Yes depending on the fish. I once had a koi pond plastic and used it for a month. You could buy a stock pond

http://www.tscstores.com/110-US-GALLON-POLY-STOCK-TANK-WITH-PLUG-P14541.aspx#.Vt4VMbyQKrU

Heater water pump/powerheads and large sponge filter and your set.

You can always get most of your money back selling it used on kijiji later or use it as a koi pond .

Just cut your feelings down and try using 50% of your old tank water. If you need to buy a large sponge filter do it now and run it in your tank so it's seasoned for the temp holding.

When moving transfer 50% of the water to your new home. 5 gallon buckets at lowes or homedepot are a couple dollars each

If the fish are not expensive or hard to find and you're not attached to them search auctions on here. The fresh water clubs have big auctions coming up and you can sell all your fish there. They will sell for cheap but you can also buy new stuff once your tank is back up and running

Good luck


----------



## grgrn (Jan 14, 2016)

Kids wading pools are really cheap they should work as well , I have kept fish in them a few times, with no problems.


----------



## default (May 28, 2011)

I would also recommend using a heavy tote/Rubbermaid container, it's quite handy and you could easily keep it for future use, great for when you need to redo your tanks. All you would need then is a sponge filter and heater for some tropical fish.

However, the best way to keep them alive and healthy for longer periods would be another member, I would recommend a LFS, but since most would either be plumbed into a single/multiple shared sump(s) unless it's a very small LFS - it may be too risky. I'm sure most members would be able to lend a hand in holding them perhaps in a large tote for you. It would be the most economical method as the only possible cost would be minor utility stuff, whereas LFS may charge you service/boarding fees for throwing your fish in possible worm and parasite infested waters!

Good luck with the move!


----------



## KhuliLoachFan (Mar 8, 2008)

You didn't say what kind of fish you have and how healthy they are. 2 months is a long time. If you had Eheim 22xx Cannister per tote, perhaps they could survive 2 months, with reduced feeding, and daily 10% water changes. You up for that work?

Warren


----------



## tom g (Jul 8, 2009)

*Still waiting*

Still waiting on size of fish and type of fish...


----------



## RevoBuda (Sep 3, 2011)

Hey guys, sorry for the late reply. My wife and I welcomed our daughter into this world yesterday... Unfortunately it was an emergency c-section, so to say the least, it's been eventful. 

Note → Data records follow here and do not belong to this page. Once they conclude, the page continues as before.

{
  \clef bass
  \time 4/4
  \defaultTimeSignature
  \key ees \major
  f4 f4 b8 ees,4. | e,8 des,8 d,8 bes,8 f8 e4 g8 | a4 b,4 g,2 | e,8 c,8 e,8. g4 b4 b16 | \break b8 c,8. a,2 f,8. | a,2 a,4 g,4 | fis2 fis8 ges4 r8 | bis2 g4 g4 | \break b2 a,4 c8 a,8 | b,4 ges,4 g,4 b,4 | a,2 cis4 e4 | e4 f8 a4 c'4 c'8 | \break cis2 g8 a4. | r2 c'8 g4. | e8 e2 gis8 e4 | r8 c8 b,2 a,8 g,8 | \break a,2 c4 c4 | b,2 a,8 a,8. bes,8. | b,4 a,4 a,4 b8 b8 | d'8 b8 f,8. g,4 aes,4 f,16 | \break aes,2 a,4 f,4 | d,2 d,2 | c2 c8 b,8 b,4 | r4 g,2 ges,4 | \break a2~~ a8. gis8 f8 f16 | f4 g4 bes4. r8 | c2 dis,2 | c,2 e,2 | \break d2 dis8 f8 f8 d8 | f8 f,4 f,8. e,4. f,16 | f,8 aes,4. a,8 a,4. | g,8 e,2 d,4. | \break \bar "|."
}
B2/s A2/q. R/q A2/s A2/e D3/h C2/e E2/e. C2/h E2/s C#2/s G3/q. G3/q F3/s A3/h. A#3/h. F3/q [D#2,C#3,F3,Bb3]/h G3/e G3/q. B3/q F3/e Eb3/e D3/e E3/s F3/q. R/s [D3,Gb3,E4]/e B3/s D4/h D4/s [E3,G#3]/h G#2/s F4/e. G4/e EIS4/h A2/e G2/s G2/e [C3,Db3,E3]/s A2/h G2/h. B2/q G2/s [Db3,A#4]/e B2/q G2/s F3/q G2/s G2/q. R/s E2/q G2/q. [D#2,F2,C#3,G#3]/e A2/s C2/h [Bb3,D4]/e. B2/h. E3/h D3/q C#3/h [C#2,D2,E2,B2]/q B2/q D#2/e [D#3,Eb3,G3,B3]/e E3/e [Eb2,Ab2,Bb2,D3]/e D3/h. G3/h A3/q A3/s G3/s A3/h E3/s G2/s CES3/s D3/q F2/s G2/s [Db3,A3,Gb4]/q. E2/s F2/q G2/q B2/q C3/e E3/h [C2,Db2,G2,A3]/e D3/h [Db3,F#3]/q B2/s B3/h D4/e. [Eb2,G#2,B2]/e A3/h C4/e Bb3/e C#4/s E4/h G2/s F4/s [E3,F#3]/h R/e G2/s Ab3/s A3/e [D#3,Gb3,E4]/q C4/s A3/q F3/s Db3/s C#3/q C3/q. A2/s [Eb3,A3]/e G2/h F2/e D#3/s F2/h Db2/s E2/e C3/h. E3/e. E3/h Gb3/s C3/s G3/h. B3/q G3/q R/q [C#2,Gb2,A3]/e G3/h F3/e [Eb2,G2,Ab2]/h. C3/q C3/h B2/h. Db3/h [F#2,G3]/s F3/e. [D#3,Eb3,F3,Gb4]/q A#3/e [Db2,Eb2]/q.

Anyway, the fish are all very healthy and smaller tetras, rasboras and some plecos.

I appreciate all the advice. I think the tote will be my preferred method. I have all the equipment to make it work out. 

Any more feedback is greatly appreciated.


----------



## Dis (Apr 16, 2010)

Congrats and hope you are all fine. Small fish should be a breeze to move and house for a couple months. You will be busy with other things. All the best


----------



## Bullet (Apr 19, 2014)

Congratulations on the birth of your daughter !
Wow 
Good luck on the fish move !


----------



## RevoBuda (Sep 3, 2011)

Thank you everyone!


----------